The text of every record, exactly as given and with no pictures, should be your output.

Extracted records:
================

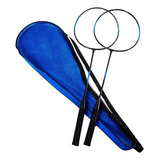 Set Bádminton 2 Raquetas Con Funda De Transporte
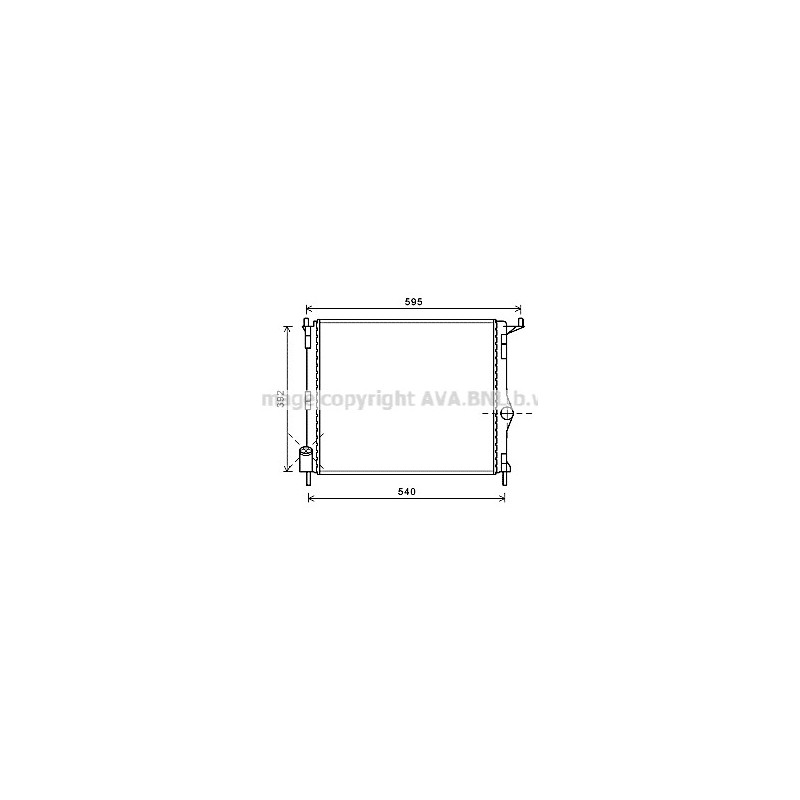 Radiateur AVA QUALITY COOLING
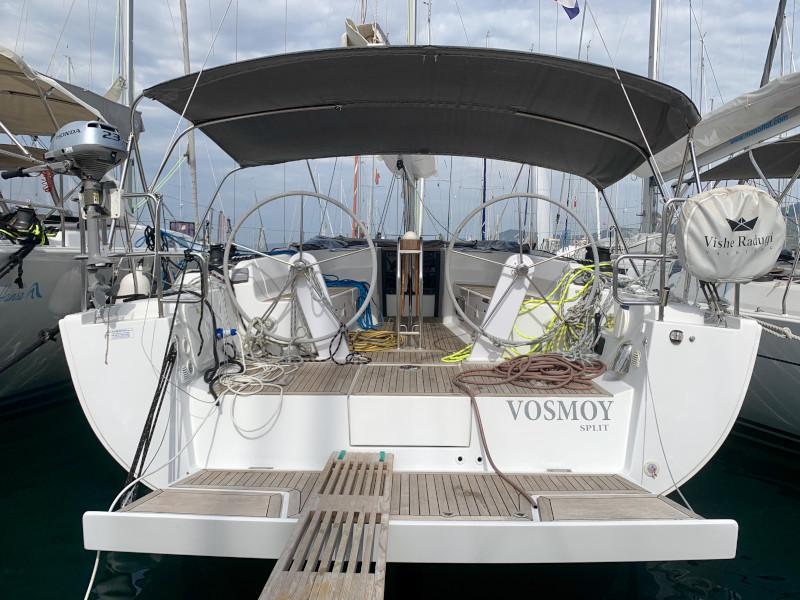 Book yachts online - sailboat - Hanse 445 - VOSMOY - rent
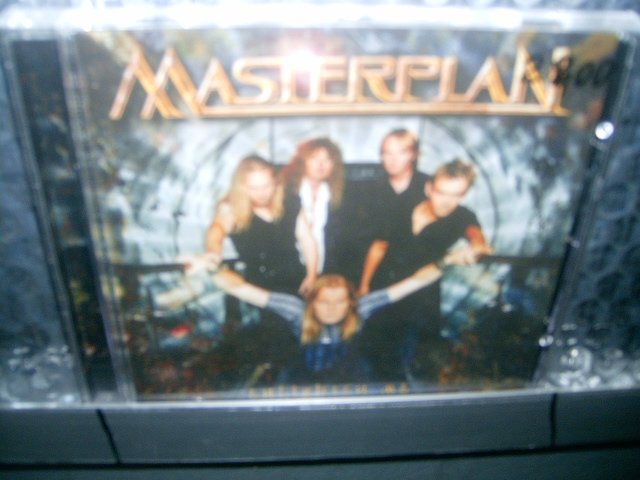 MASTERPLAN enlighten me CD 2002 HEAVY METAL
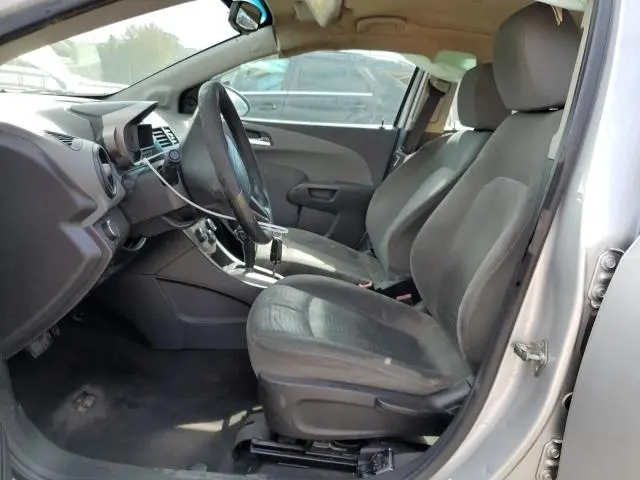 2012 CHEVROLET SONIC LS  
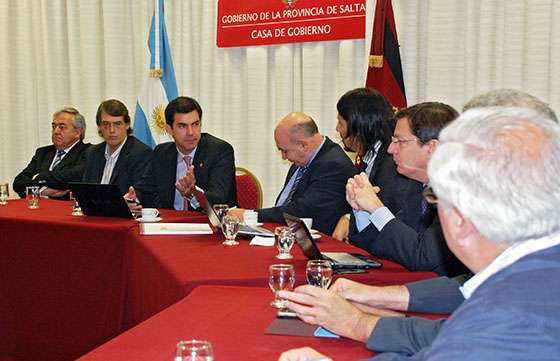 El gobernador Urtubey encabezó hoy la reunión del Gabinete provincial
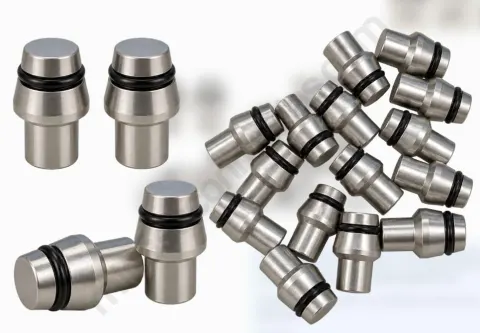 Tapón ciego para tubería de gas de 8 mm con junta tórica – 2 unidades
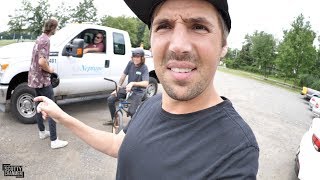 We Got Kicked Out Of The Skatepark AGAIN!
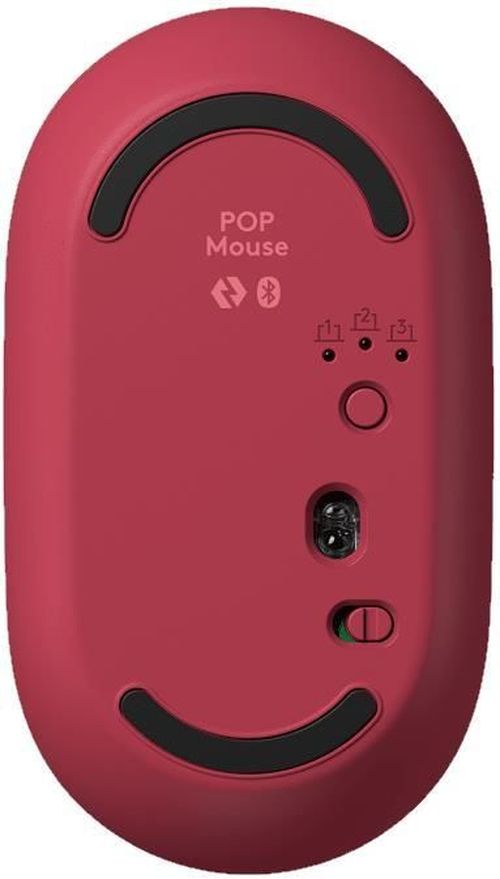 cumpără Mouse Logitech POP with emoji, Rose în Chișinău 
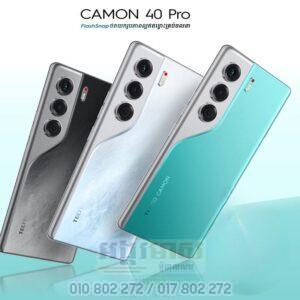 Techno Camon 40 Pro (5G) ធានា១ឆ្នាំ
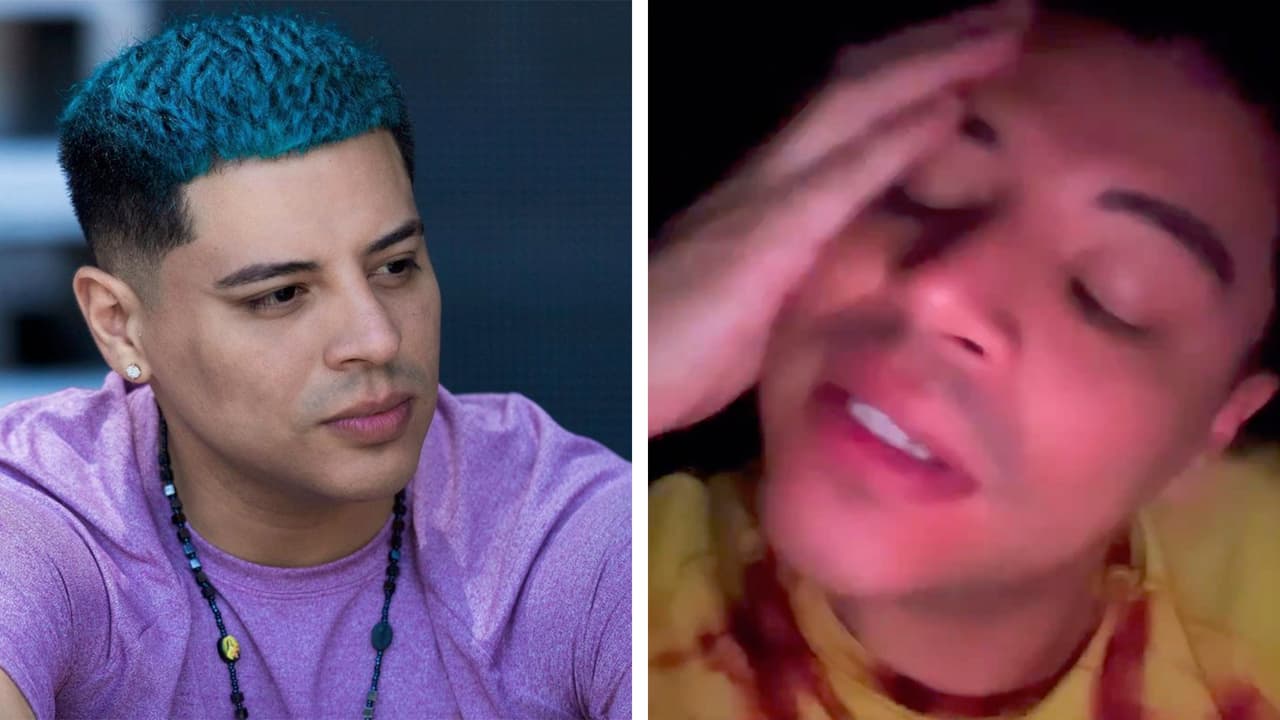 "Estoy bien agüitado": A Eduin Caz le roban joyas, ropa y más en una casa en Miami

================

• **Expected answer**
 Set Bádminton 2 Raquetas Con Funda De Transporte
 Radiateur AVA QUALITY COOLING
 Book yachts online - sailboat - Hanse 445 - VOSMOY - rent
 MASTERPLAN enlighten me CD 2002 HEAVY METAL
 2012 CHEVROLET SONIC LS  
 El gobernador Urtubey encabezó hoy la reunión del Gabinete provincial
 Tapón ciego para tubería de gas de 8 mm con junta tórica – 2 unidades
 We Got Kicked Out Of The Skatepark AGAIN!
 cumpără Mouse Logitech POP with emoji, Rose în Chișinău 
 Techno Camon 40 Pro (5G) ធានា១ឆ្នាំ
 "Estoy bien agüitado": A Eduin Caz le roban joyas, ropa y más en una casa en Miami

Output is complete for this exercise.